EXERCISE DESCRIPTION | Could you please output all of the data exactly, without the images?

STORED DATA |
- Opening Delimiter -

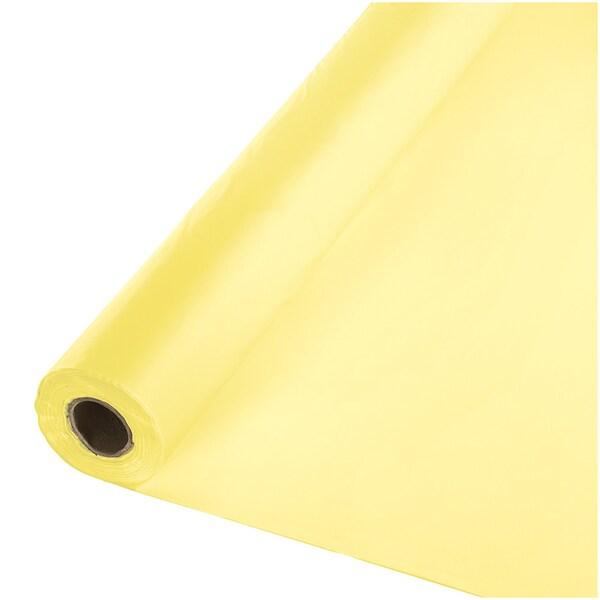 Touch Of Color 100' x 40" Mimosa Yellow Plastic Banquet Roll - 013014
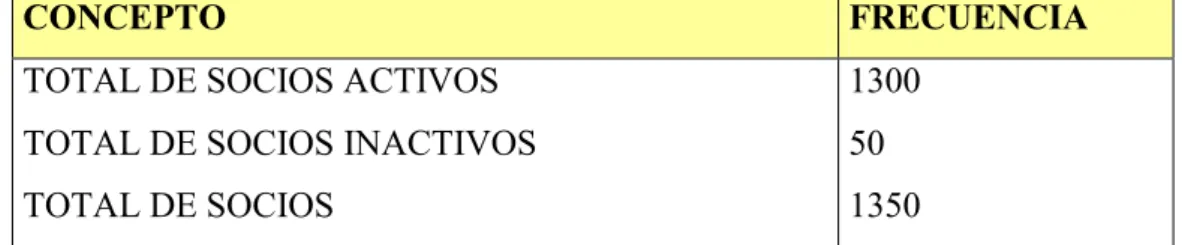 Tabla N° 5 Total de socios activos 
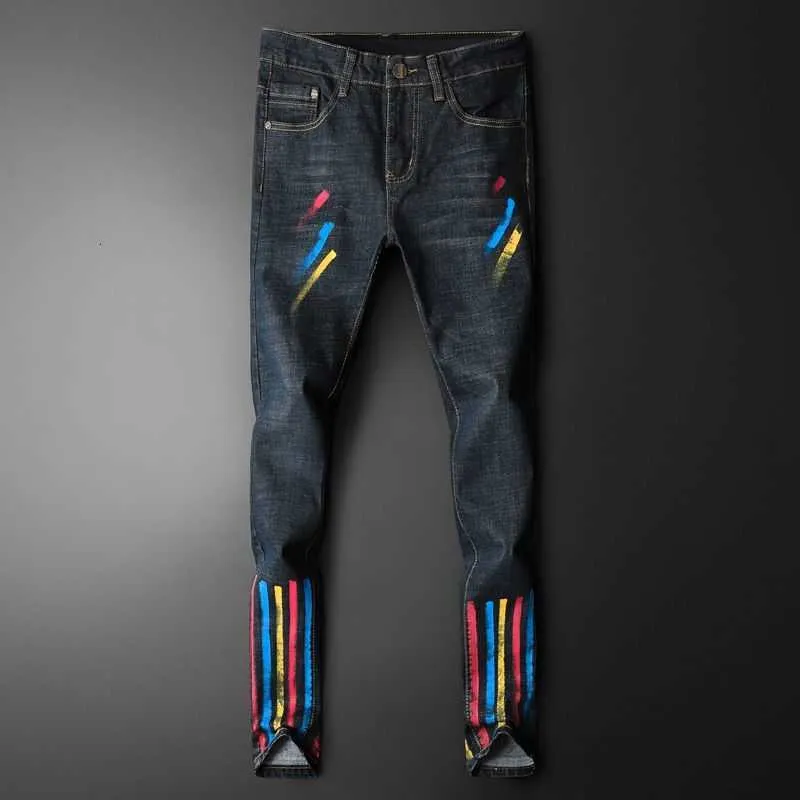 Cor listras jeans homens elásticos força punk nightclub personalidade impresso de jean homem moderno desenho desenho denim calça 210622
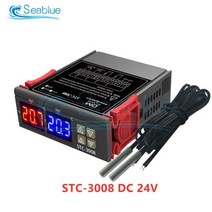심부 요리용 탐침 온도계 STC1000 STC3000 STC3008 LED 디지털 온도 조절기 인큐베이터, STC-3008 DC 24V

- Closing Delimiter -

SOLUTION TO THIS TASK |
 Touch Of Color 100' x 40" Mimosa Yellow Plastic Banquet Roll - 013014
 Tabla N° 5 Total de socios activos 
 Cor listras jeans homens elásticos força punk nightclub personalidade impresso de jean homem moderno desenho desenho denim calça 210622
심부 요리용 탐침 온도계 STC1000 STC3000 STC3008 LED 디지털 온도 조절기 인큐베이터, STC-3008 DC 24V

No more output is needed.